Much to Ali’s surprise, in the ensuing months, Detective Morris and Brenda had morphed into a romantic item, complete with a beachside wedding Ali had attended solo because B. was off on some business trip or other. After the ceremony, Gil and Brenda had laughingly told Ali that theirs was a match made in hell rather than heaven.
“Yes, she’s still sober,” Ali said. “She wrote a book that's due out soon. You do remember that her mother died, don’t you?”
“Not really,” B. admitted.
“Brenda’s share of the estate evidently came to quite a chunk of change. Last month Gil was able to pull the pin on his job with the Grass Valley PD.”
“He’s a little young to be retired, isn’t he?” B. asked.
“He’s only retired from law enforcement,” Ali answered. “He and Brenda are in the process of buying an operating B-and-B in Ashland, Oregon. Ashland isn’t all that
far from Redding, where Gil’s kids live with his ex-wife.”
“Sounds like a lot of work,” B. said.
“Having an ex-wife?”
“No, running a B-and-B. It’s a job description that automatically requires the owner to be civil to a bunch of yahoo customers first thing in the morning,” B said. “Before you even have your first cup of coffee. Spare me.”

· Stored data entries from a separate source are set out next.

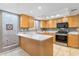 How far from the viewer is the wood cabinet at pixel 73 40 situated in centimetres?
468

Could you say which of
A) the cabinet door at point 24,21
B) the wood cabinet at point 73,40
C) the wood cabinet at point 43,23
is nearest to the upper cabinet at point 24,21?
the cabinet door at point 24,21

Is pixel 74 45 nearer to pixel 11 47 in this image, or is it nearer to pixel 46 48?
pixel 46 48

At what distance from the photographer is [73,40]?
15.9ft

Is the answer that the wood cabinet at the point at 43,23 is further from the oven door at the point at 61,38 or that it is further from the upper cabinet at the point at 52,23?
the oven door at the point at 61,38

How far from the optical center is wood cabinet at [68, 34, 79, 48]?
4.68 meters

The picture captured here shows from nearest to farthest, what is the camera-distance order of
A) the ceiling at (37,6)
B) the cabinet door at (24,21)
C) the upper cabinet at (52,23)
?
the ceiling at (37,6) → the cabinet door at (24,21) → the upper cabinet at (52,23)

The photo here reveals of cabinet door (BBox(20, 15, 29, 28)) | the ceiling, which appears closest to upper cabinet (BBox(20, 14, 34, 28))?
cabinet door (BBox(20, 15, 29, 28))

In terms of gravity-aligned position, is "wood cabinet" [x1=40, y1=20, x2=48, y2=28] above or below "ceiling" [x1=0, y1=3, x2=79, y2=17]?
below

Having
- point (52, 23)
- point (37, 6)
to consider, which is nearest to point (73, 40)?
point (52, 23)

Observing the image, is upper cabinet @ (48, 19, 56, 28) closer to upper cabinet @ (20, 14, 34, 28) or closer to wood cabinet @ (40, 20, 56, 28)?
wood cabinet @ (40, 20, 56, 28)

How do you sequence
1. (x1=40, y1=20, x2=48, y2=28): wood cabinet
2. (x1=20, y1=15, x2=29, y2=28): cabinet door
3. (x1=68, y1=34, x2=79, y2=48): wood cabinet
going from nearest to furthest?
1. (x1=68, y1=34, x2=79, y2=48): wood cabinet
2. (x1=20, y1=15, x2=29, y2=28): cabinet door
3. (x1=40, y1=20, x2=48, y2=28): wood cabinet

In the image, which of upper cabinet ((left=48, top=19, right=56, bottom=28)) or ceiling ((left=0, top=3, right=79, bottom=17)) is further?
upper cabinet ((left=48, top=19, right=56, bottom=28))

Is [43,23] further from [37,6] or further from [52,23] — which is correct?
[37,6]

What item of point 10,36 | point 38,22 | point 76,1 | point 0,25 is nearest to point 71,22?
point 38,22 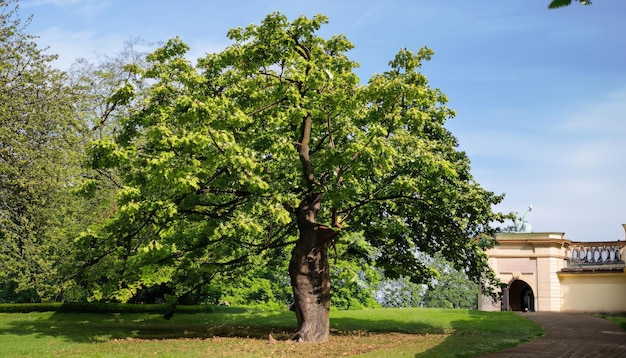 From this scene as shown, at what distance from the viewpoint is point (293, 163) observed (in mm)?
20406

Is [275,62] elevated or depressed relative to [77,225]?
elevated

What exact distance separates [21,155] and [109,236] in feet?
35.3

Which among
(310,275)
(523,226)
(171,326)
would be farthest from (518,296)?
(310,275)

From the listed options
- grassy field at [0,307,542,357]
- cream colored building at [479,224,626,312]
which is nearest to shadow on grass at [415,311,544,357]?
grassy field at [0,307,542,357]

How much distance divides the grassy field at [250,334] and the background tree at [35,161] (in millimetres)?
3353

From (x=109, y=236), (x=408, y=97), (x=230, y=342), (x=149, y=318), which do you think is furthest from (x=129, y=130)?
(x=149, y=318)

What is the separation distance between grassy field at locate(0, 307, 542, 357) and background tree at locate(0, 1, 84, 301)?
3353 millimetres

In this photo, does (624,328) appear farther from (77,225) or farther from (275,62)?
(77,225)

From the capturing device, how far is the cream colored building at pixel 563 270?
1298 inches

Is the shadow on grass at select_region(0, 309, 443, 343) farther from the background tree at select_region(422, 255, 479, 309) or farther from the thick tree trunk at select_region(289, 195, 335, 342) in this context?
the background tree at select_region(422, 255, 479, 309)

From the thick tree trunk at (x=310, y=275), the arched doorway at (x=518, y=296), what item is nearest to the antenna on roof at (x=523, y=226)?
the arched doorway at (x=518, y=296)

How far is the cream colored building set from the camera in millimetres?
32969

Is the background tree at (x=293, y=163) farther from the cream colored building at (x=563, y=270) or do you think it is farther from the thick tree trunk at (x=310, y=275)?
the cream colored building at (x=563, y=270)

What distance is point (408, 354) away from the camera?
16.4 meters
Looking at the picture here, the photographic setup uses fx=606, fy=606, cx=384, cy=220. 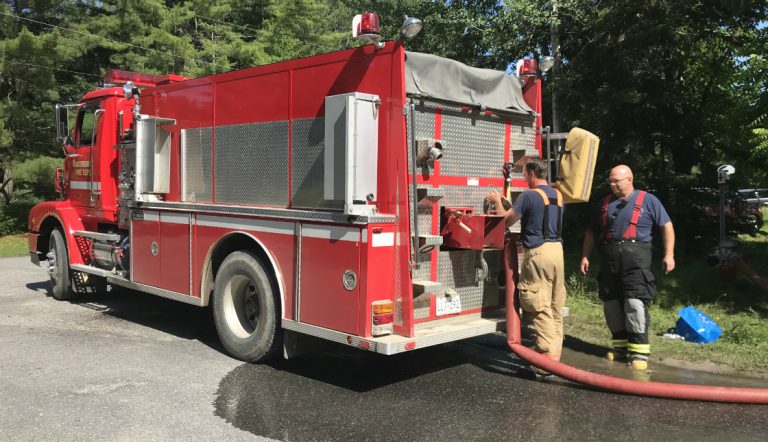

“Because you’re a grump in the morning?” Ali asked.
“Pretty much,” B. agreed.
When their joint workout was over, Ali and B. paused in the kitchen long enough to share a cup of coffee and two pieces of leftover pizza. Coffee beans kept in the freezer were the only fresh food that could survive B.’s long absences without going bad. Ali was grateful for the pizza. After spending the night living in sin at her place or B.’s, she was capable of showing up at the Sugarloaf and brazening it out with her parents, but she didn’t like doing it.
“I’m going to miss you,” Ali said.
“No, you won’t,” B. replied. “You’ll be too busy planting that garden of yours to even notice I’m gone.”
“You’re wrong,” Ali told him. “I’ll notice.”
Sometime later, knowing that B. needed time to get gathered up and packed, Ali kissed him goodbye and headed home, where she found she had the place to herself. Leland was out doing some last-minute shopping for dinner, while the house was filled with the tangy aromas of the duck-breast and sausage-laced cassoulet they would share that evening with Sister Anselm.
Stopping off long enough to pour herself a cup of coffee, she went into the library, where there was a distinct chill in the air. A storm had blown in overnight, driving away yesterday’s bright blue sky. Outside her window, a few flurries of snowflakes drifted from an overcast sky.
“So much for spring,” Ali muttered, lighting the gas log in the fireplace.